EXERCISE REQUIREMENTS
Nothing less than an exact copy of all the records is required.

DATA FOR THIS TASK
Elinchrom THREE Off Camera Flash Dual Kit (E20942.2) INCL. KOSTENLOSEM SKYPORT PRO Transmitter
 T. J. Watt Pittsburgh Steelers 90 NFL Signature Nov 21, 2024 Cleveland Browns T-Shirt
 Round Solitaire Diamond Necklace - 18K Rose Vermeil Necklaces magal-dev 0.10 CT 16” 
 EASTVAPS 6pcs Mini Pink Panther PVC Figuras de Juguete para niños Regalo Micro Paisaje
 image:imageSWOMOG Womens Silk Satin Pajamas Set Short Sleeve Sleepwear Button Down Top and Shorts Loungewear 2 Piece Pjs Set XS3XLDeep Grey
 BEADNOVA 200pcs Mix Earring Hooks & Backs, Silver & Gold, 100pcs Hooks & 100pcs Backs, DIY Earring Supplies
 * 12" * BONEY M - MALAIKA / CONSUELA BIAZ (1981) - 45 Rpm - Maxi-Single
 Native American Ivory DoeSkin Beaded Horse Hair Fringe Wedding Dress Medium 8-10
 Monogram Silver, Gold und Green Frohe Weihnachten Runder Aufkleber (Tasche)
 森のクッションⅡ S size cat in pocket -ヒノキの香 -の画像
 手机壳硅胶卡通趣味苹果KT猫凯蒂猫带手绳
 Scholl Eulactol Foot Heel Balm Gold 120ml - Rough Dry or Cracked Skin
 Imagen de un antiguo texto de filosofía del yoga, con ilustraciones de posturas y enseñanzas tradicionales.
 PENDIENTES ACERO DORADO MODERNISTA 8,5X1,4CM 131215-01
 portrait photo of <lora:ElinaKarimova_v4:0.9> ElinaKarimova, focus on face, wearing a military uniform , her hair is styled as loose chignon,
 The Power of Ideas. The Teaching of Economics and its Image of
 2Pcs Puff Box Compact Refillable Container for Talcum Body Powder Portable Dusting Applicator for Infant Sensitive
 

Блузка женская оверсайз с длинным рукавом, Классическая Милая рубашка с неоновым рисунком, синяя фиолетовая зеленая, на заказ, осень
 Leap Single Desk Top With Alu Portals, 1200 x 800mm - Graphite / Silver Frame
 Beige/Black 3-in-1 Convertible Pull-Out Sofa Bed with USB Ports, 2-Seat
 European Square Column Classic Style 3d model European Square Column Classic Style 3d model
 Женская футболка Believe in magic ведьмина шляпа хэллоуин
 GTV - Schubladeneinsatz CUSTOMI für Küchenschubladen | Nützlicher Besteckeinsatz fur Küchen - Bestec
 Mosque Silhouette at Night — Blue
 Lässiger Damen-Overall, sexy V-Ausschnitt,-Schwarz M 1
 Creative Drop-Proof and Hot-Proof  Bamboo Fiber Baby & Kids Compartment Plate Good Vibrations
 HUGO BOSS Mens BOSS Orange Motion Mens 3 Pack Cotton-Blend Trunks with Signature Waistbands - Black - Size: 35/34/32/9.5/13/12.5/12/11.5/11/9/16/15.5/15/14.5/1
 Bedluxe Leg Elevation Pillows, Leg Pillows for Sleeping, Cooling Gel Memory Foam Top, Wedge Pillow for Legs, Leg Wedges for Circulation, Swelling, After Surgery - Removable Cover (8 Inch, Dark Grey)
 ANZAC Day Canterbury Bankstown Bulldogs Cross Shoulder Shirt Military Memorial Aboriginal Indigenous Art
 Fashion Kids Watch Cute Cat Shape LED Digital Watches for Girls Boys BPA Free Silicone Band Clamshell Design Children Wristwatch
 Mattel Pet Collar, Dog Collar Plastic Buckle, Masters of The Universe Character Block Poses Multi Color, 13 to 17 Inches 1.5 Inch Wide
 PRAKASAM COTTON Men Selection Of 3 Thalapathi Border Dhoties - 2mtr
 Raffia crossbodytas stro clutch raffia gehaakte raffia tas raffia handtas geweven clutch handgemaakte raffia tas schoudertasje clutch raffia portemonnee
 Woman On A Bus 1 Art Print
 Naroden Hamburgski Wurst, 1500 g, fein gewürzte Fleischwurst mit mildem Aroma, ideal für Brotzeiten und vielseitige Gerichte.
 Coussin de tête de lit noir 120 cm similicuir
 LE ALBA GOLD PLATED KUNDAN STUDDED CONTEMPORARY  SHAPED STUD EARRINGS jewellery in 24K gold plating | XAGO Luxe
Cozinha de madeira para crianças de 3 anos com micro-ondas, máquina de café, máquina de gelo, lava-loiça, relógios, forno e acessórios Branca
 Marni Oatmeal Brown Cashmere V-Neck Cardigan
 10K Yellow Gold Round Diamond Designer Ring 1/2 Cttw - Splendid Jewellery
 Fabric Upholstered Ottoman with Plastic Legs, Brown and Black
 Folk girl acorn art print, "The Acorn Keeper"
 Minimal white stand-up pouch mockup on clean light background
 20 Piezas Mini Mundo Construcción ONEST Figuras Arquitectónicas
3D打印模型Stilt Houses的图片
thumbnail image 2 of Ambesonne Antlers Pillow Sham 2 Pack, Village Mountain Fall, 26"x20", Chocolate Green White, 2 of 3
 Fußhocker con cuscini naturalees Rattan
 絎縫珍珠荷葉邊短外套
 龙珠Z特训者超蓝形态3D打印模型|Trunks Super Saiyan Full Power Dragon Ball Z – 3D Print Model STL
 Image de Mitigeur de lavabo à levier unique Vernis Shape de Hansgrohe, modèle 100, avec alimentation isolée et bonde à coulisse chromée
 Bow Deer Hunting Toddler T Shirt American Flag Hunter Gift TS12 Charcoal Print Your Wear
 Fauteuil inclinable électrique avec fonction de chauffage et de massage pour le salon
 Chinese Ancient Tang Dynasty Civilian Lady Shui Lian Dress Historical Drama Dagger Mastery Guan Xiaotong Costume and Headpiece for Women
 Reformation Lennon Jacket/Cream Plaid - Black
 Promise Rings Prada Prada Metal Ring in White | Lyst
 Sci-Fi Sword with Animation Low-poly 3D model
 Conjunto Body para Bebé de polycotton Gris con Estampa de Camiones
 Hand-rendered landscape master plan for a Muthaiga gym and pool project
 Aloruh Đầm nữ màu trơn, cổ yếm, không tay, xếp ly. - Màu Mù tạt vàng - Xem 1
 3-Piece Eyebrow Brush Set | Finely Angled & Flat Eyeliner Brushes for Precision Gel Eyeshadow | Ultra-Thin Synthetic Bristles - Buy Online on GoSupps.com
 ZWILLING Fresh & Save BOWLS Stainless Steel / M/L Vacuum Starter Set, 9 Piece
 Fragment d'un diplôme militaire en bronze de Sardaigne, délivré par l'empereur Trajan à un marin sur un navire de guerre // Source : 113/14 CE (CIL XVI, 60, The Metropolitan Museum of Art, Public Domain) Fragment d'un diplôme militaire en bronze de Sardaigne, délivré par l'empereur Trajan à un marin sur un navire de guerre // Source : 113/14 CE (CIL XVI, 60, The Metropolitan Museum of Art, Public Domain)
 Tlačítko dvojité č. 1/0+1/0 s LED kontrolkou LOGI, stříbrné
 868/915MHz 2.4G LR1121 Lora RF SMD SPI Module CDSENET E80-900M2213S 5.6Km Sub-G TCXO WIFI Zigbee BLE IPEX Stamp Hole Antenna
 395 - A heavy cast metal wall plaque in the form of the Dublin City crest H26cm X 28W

RESPONSE TO THIS TASK
Elinchrom THREE Off Camera Flash Dual Kit (E20942.2) INCL. KOSTENLOSEM SKYPORT PRO Transmitter
 T. J. Watt Pittsburgh Steelers 90 NFL Signature Nov 21, 2024 Cleveland Browns T-Shirt
 Round Solitaire Diamond Necklace - 18K Rose Vermeil Necklaces magal-dev 0.10 CT 16” 
 EASTVAPS 6pcs Mini Pink Panther PVC Figuras de Juguete para niños Regalo Micro Paisaje
 image:imageSWOMOG Womens Silk Satin Pajamas Set Short Sleeve Sleepwear Button Down Top and Shorts Loungewear 2 Piece Pjs Set XS3XLDeep Grey
 BEADNOVA 200pcs Mix Earring Hooks & Backs, Silver & Gold, 100pcs Hooks & 100pcs Backs, DIY Earring Supplies
 * 12" * BONEY M - MALAIKA / CONSUELA BIAZ (1981) - 45 Rpm - Maxi-Single
 Native American Ivory DoeSkin Beaded Horse Hair Fringe Wedding Dress Medium 8-10
 Monogram Silver, Gold und Green Frohe Weihnachten Runder Aufkleber (Tasche)
 森のクッションⅡ S size cat in pocket -ヒノキの香 -の画像
 手机壳硅胶卡通趣味苹果KT猫凯蒂猫带手绳
 Scholl Eulactol Foot Heel Balm Gold 120ml - Rough Dry or Cracked Skin
 Imagen de un antiguo texto de filosofía del yoga, con ilustraciones de posturas y enseñanzas tradicionales.
 PENDIENTES ACERO DORADO MODERNISTA 8,5X1,4CM 131215-01
 portrait photo of <lora:ElinaKarimova_v4:0.9> ElinaKarimova, focus on face, wearing a military uniform , her hair is styled as loose chignon,
 The Power of Ideas. The Teaching of Economics and its Image of
 2Pcs Puff Box Compact Refillable Container for Talcum Body Powder Portable Dusting Applicator for Infant Sensitive
 

Блузка женская оверсайз с длинным рукавом, Классическая Милая рубашка с неоновым рисунком, синяя фиолетовая зеленая, на заказ, осень
 Leap Single Desk Top With Alu Portals, 1200 x 800mm - Graphite / Silver Frame
 Beige/Black 3-in-1 Convertible Pull-Out Sofa Bed with USB Ports, 2-Seat
 European Square Column Classic Style 3d model European Square Column Classic Style 3d model
 Женская футболка Believe in magic ведьмина шляпа хэллоуин
 GTV - Schubladeneinsatz CUSTOMI für Küchenschubladen | Nützlicher Besteckeinsatz fur Küchen - Bestec
 Mosque Silhouette at Night — Blue
 Lässiger Damen-Overall, sexy V-Ausschnitt,-Schwarz M 1
 Creative Drop-Proof and Hot-Proof  Bamboo Fiber Baby & Kids Compartment Plate Good Vibrations
 HUGO BOSS Mens BOSS Orange Motion Mens 3 Pack Cotton-Blend Trunks with Signature Waistbands - Black - Size: 35/34/32/9.5/13/12.5/12/11.5/11/9/16/15.5/15/14.5/1
 Bedluxe Leg Elevation Pillows, Leg Pillows for Sleeping, Cooling Gel Memory Foam Top, Wedge Pillow for Legs, Leg Wedges for Circulation, Swelling, After Surgery - Removable Cover (8 Inch, Dark Grey)
 ANZAC Day Canterbury Bankstown Bulldogs Cross Shoulder Shirt Military Memorial Aboriginal Indigenous Art
 Fashion Kids Watch Cute Cat Shape LED Digital Watches for Girls Boys BPA Free Silicone Band Clamshell Design Children Wristwatch
 Mattel Pet Collar, Dog Collar Plastic Buckle, Masters of The Universe Character Block Poses Multi Color, 13 to 17 Inches 1.5 Inch Wide
 PRAKASAM COTTON Men Selection Of 3 Thalapathi Border Dhoties - 2mtr
 Raffia crossbodytas stro clutch raffia gehaakte raffia tas raffia handtas geweven clutch handgemaakte raffia tas schoudertasje clutch raffia portemonnee
 Woman On A Bus 1 Art Print
 Naroden Hamburgski Wurst, 1500 g, fein gewürzte Fleischwurst mit mildem Aroma, ideal für Brotzeiten und vielseitige Gerichte.
 Coussin de tête de lit noir 120 cm similicuir
 LE ALBA GOLD PLATED KUNDAN STUDDED CONTEMPORARY  SHAPED STUD EARRINGS jewellery in 24K gold plating | XAGO Luxe
Cozinha de madeira para crianças de 3 anos com micro-ondas, máquina de café, máquina de gelo, lava-loiça, relógios, forno e acessórios Branca
 Marni Oatmeal Brown Cashmere V-Neck Cardigan
 10K Yellow Gold Round Diamond Designer Ring 1/2 Cttw - Splendid Jewellery
 Fabric Upholstered Ottoman with Plastic Legs, Brown and Black
 Folk girl acorn art print, "The Acorn Keeper"
 Minimal white stand-up pouch mockup on clean light background
 20 Piezas Mini Mundo Construcción ONEST Figuras Arquitectónicas
3D打印模型Stilt Houses的图片
thumbnail image 2 of Ambesonne Antlers Pillow Sham 2 Pack, Village Mountain Fall, 26"x20", Chocolate Green White, 2 of 3
 Fußhocker con cuscini naturalees Rattan
 絎縫珍珠荷葉邊短外套
 龙珠Z特训者超蓝形态3D打印模型|Trunks Super Saiyan Full Power Dragon Ball Z – 3D Print Model STL
 Image de Mitigeur de lavabo à levier unique Vernis Shape de Hansgrohe, modèle 100, avec alimentation isolée et bonde à coulisse chromée
 Bow Deer Hunting Toddler T Shirt American Flag Hunter Gift TS12 Charcoal Print Your Wear
 Fauteuil inclinable électrique avec fonction de chauffage et de massage pour le salon
 Chinese Ancient Tang Dynasty Civilian Lady Shui Lian Dress Historical Drama Dagger Mastery Guan Xiaotong Costume and Headpiece for Women
 Reformation Lennon Jacket/Cream Plaid - Black
 Promise Rings Prada Prada Metal Ring in White | Lyst
 Sci-Fi Sword with Animation Low-poly 3D model
 Conjunto Body para Bebé de polycotton Gris con Estampa de Camiones
 Hand-rendered landscape master plan for a Muthaiga gym and pool project
 Aloruh Đầm nữ màu trơn, cổ yếm, không tay, xếp ly. - Màu Mù tạt vàng - Xem 1
 3-Piece Eyebrow Brush Set | Finely Angled & Flat Eyeliner Brushes for Precision Gel Eyeshadow | Ultra-Thin Synthetic Bristles - Buy Online on GoSupps.com
 ZWILLING Fresh & Save BOWLS Stainless Steel / M/L Vacuum Starter Set, 9 Piece
 Fragment d'un diplôme militaire en bronze de Sardaigne, délivré par l'empereur Trajan à un marin sur un navire de guerre // Source : 113/14 CE (CIL XVI, 60, The Metropolitan Museum of Art, Public Domain) Fragment d'un diplôme militaire en bronze de Sardaigne, délivré par l'empereur Trajan à un marin sur un navire de guerre // Source : 113/14 CE (CIL XVI, 60, The Metropolitan Museum of Art, Public Domain)
 Tlačítko dvojité č. 1/0+1/0 s LED kontrolkou LOGI, stříbrné
 868/915MHz 2.4G LR1121 Lora RF SMD SPI Module CDSENET E80-900M2213S 5.6Km Sub-G TCXO WIFI Zigbee BLE IPEX Stamp Hole Antenna
 395 - A heavy cast metal wall plaque in the form of the Dublin City crest H26cm X 28W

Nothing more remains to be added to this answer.